[Exercise directions]:
In the records that follow, find the line containing "Wyeth Trail Jacquard-stripe" and the line containing "Used 2021 RAM 1500 Big Horn image 2", then transcribe both and every line between them exactly, omitting pictures.

[The data]:

==========

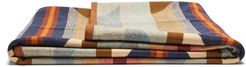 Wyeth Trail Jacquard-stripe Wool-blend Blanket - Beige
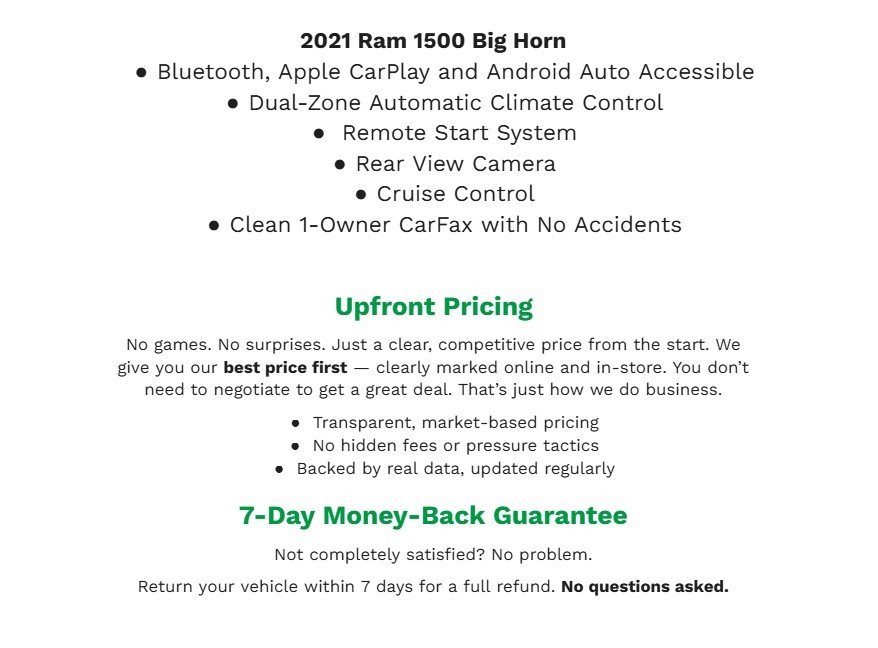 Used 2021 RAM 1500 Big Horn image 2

==========

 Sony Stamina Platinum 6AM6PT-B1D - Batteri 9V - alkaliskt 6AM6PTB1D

==========

[Task output]:
 Wyeth Trail Jacquard-stripe Wool-blend Blanket - Beige
 Used 2021 RAM 1500 Big Horn image 2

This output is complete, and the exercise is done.